1. patent something.
2. patent it "...on a computer".
3. patent it "...on a network".
4. patent it "...with DRM".
5. patent it "???".
6. Profit!!1!
THL phish sticks
If this goes mainstream we won't get in trouble for downloading "stolen" products, we'll get in trouble for stealing/cracking encryption keys. That should be even harder to police.
That's a problem you have with any DRM. However, a system like the one described would be a fairly interesting way to deliver live content to subscribers without undue server load, especially if the underlying P2P system was network topology aware.
See BBC iPlayer/Kontiki
Not only do they want to turn your own PC against you with their DRM, they also want to use your upstream bandwidth. All the disadvantages of torrents and all the disadvantages of legally bought "treats the buyer as a criminal" DRMified files rolled into one
So if I only want to pay for the 700MB quality KEY, I still have to download the whole 4GB torrent?
..
Where can I download this awesome torrents? Oh I think I found the link:
http://thepiratemicrosoft.com/
If you only get the low quality anyways, why does it make any sense for you to be forced to pull the bits in the high quality version? This is a reduction in efficiency and convenience. Due to the long transfer times required for high-quality content, and very short transfer times required for smaller low-quality content.
There's a simpler solution to this: use keyed/passworded private torrents.
Make different quality versions different files.
Then the customers who purchase low-quality content don't get to download the same file as the ones who purchase high-quality content, and it means, less bandwidth and disk space is used.
If they change their mind and wish to buy a high quality version, they can simply download the high-quality version once given access. Upon successful download replace the lq file.
This technology is superfluous.. it shouldn't be patentable, because it's not an actual improvement.
Inventions have to be improvements to be patentable... it's called useful discovery
As required by the constitution: To promote the progress of science and useful arts...

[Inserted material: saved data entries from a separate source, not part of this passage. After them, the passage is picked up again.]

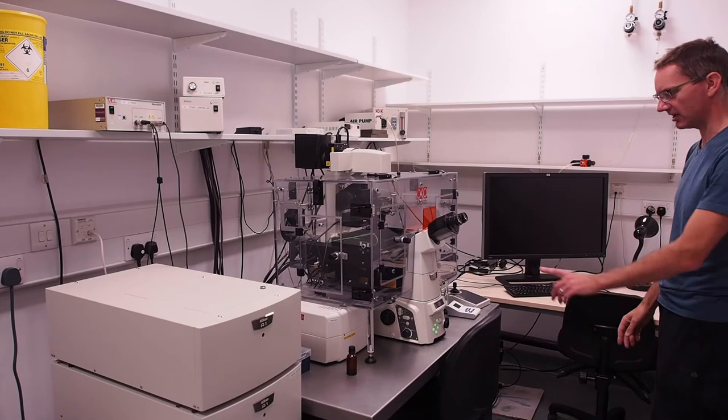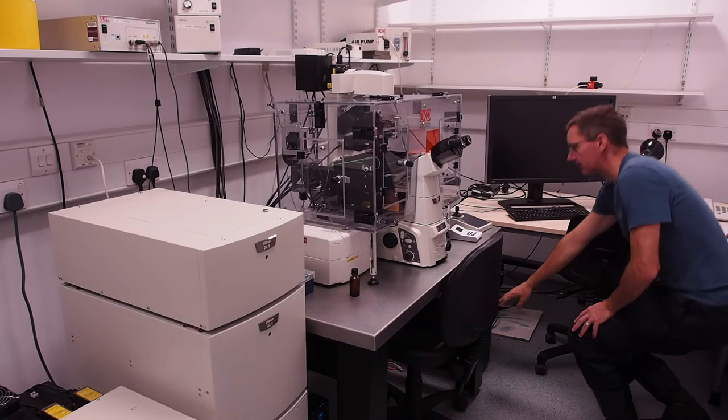Whilst the microscope is booting switch on the PC which is located to the right of the microscope table using the power button on the top left of the front panel.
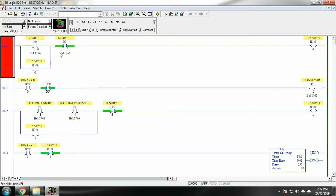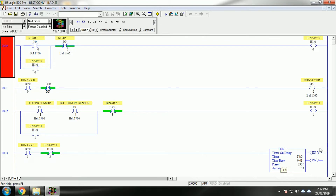Here we use a timer called Timer On Delay. This timer has two outputs: the timer enable bit and the timer done bit. The timer has parameters including timer base, preset value, and accumulation value. When the accumulation value reaches the preset value, the timer turns on and gives an output as the timer done bit.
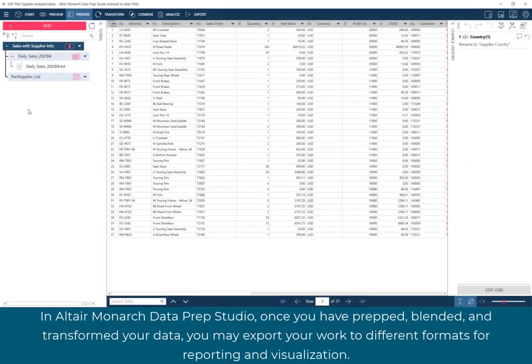In Altair Monarch Data Prep Studio, once you have prepped, blended, and transformed your data, you may export your work to different formats for reporting and visualization.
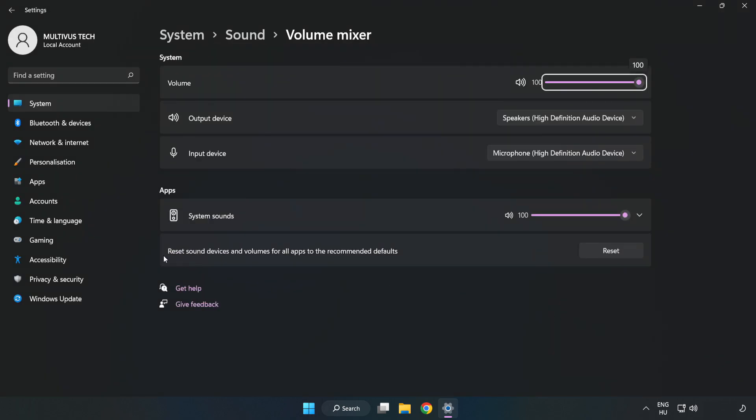Reset Sound Devices and Volumes for All Apps to the Recommended Defaults. Click Reset. Close Window.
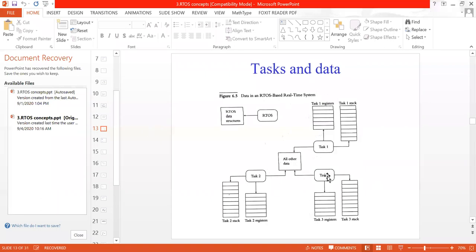So this is all about task and data. While using RTOS, you should know that each task has its own set of registers and also its own stack memory. While writing the program for RTOS, you have to define separate memory for each task — that is the significance of this layer.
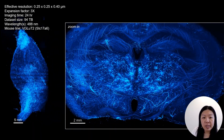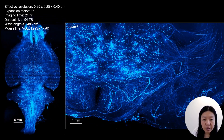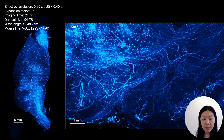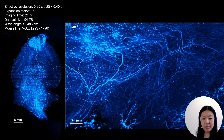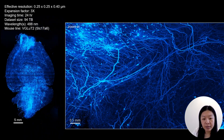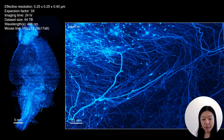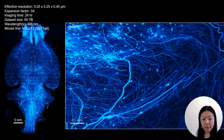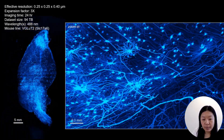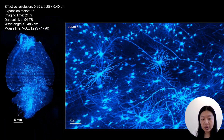Here is another example of a mouse brain imaged under the 488 nm laser. The video goes through different regions of the brain at higher resolution.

Their technology does not offer an improvement versus pre-existing unpatented technologies in common use and simpler obvious ways of accomplishing the same thing, they do not have a useful invention.
FINALLY Microsoft reaches out to embrace, extend, and extinguish DRM.

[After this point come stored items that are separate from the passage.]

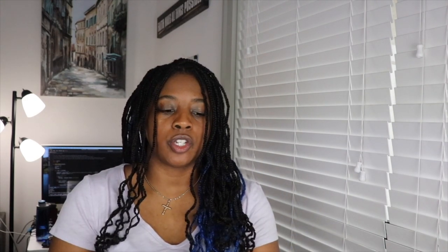So let me read for you the questions so that we're all on the same page about what's being asked here. In this challenge, the REST API contains information about a collection of users and articles they created. Given the threshold value, the goal is to use the API to get the list of most active authors. Specifically, the list of usernames of users with submission counts strictly greater than the given threshold. The list of usernames must be returned in the order the users appear in the results.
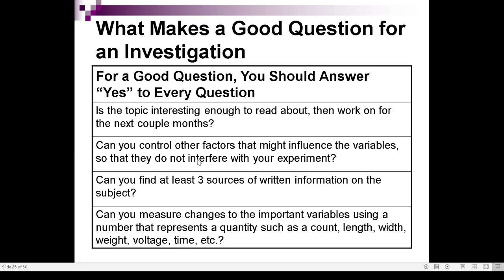Next: can you find at least three sources of written information on the subject? Your research problem must have some basis — you may have your own idea, but if you go to find literature searches, that idea should be found in some sources such as websites, books, magazines, journals, etc. If there are at least three written sources on your problem, that is a good problem.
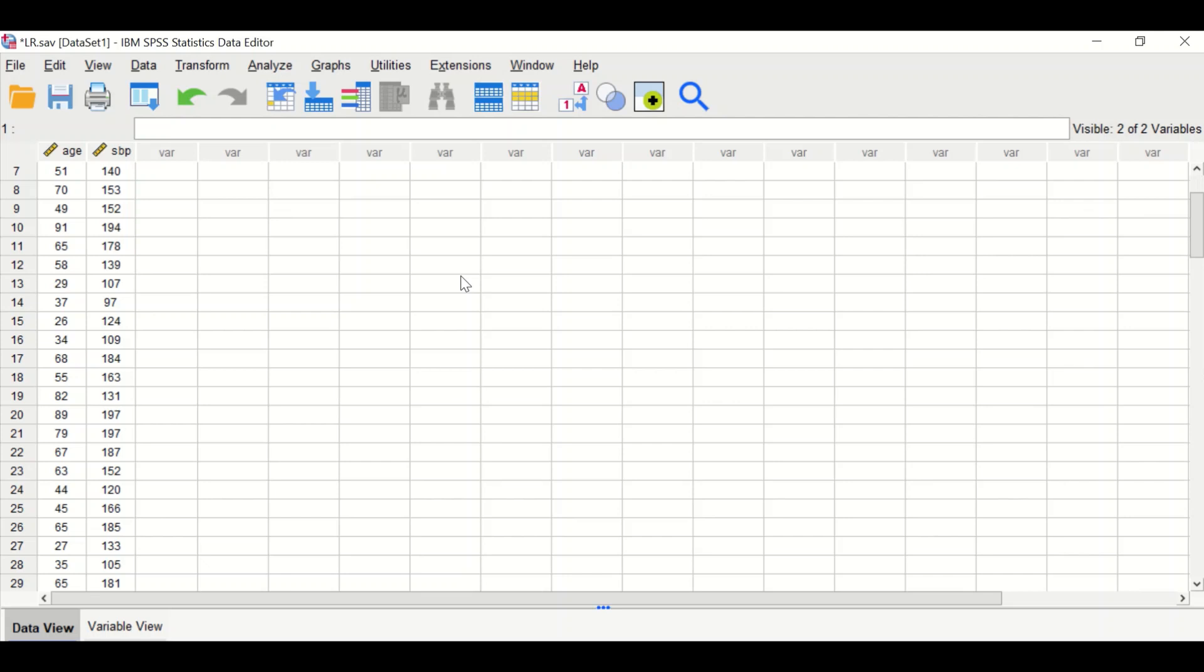We're trying to find out whether there is a relationship between age and systolic blood pressure. The systolic blood pressure here is the outcome or response or dependent variable. And the age is the predictor or independent variable or exposure.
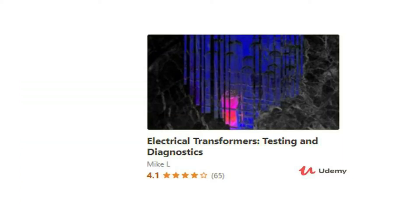If you want to learn more about electrical transformers, particularly in testing and doing diagnostics, I recommend you to check out my Udemy course, Electrical Transformers Testing and Diagnostics. This is an intermediate video course where you will learn all about electrical transformer troubleshooting that are essential in working within this industry. From general failure investigation methods to specific transformer tests, such as the dissolved gas analysis. So, if you're interested in electrical transformer testing, troubleshooting, etc., please check out my course by clicking on the link in the video description.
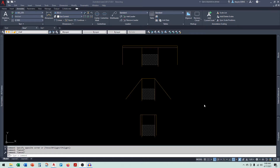Welcome to the Elephant Engineering Solutions YouTube channel. Today we're going to be looking at the curb ramp dynamic blocks. You can see we have three different styles: the end-on curb ramp, the flared curb ramp, and the side curb ramp.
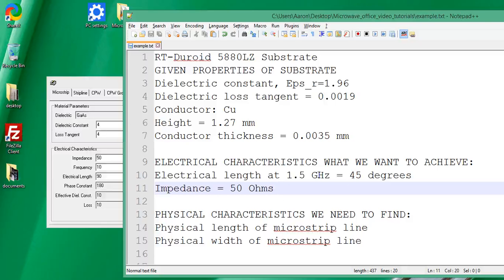This is a synthesis problem: given the electrical characteristics, find the physical characteristics. In an analysis problem it's flipped — you're given the physical characteristics and you want to find the electrical.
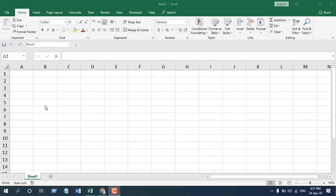TODAY function falls under the date and time function category, and there are a lot of functions regarding date and time. I'm going to explain the TODAY function in this tutorial. Let's write the TODAY function and understand what it offers us.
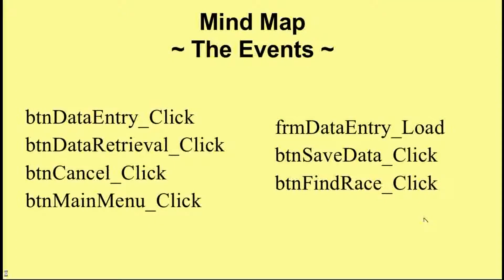On this slide you can see the events that we defined in our events list, but now they're in two categories. The items on the left are those that just take the user to a different form. The three events on the right require a little more thinking and we'll be going into those in some detail.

So, is the patent office interpreting a law, then?
Yeah, that's kinda their job - interpreting 35 USC 101, 102, 103, and 112, among others.
I always have to laugh when people complain about patents on technologies they hate. Hello? They PATENTED it. That means nobody else is allowed to do it. And Microsoft of course, will fail at it themselves. Thus the effect of the patent is to PREVENT these sorts of DRM mechanisms from proliferating. Use your brains people.
Indeed, using DRM-protected torrent to distribute paid-for content was attempted by several players almost immediately by several provider when bittorrent appeared. And lots of less-legal sharing cites may encrypt the torrents so only members of the community could access its content.
In addition, having different levels of quality in different packets of the same stream (the more packet you have, the better the quality), has been proposed in lots of old systems such as the OGG/Vorbis compression (so that a web radio emits only 1 single stream and quality decreases as packet are dropped, instead of having to emit several stream of varying quality). In fact, progressive JPEGs work in a similar way (first chunks contain low-res blurry image, later chunks add the missing details), except that they are not a media stream but static pictures.
Meanwhile the patent was applied for only in 2005. The only thing that wasn't widely used before, is using separate key on each different "quality" packets. But it looks almost straight forward given the other technologies.